## WHAT TO DO
Reproduce the entire listing exactly. Leave the pictures out.

## GIVEN DATA
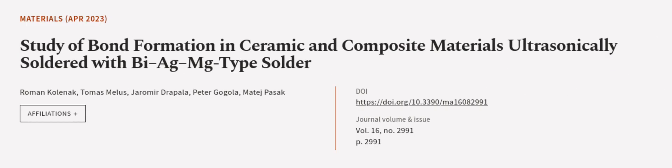This article was authored by Roman Kolnak, Tomas Meles, Yarmar Drapala, and others. We are article.tv, links in the description below.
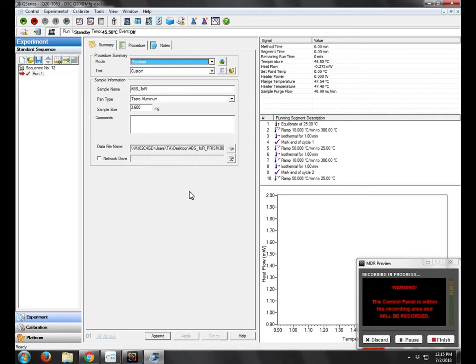Okay, so we just turned on the nitrogen tank. It's running through a dryer as well, so it's dry nitrogen.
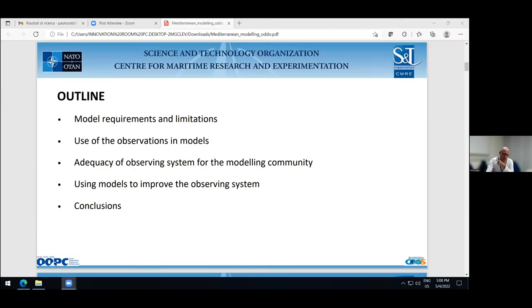Now, Paolo, please present your summary. Hi everybody, I am Paolo Odo, working at CMRE, a naval research center in La Spezia. I am a physical oceanographer. Before joining the center, I was mostly involved in modeling activities, and in the past years I also gained some field experience.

## EXPECTED OUTPUT
This article was authored by Roman Kolnak, Tomas Meles, Yarmar Drapala, and others. We are article.tv, links in the description below.
Okay, so we just turned on the nitrogen tank. It's running through a dryer as well, so it's dry nitrogen.
Now, Paolo, please present your summary. Hi everybody, I am Paolo Odo, working at CMRE, a naval research center in La Spezia. I am a physical oceanographer. Before joining the center, I was mostly involved in modeling activities, and in the past years I also gained some field experience.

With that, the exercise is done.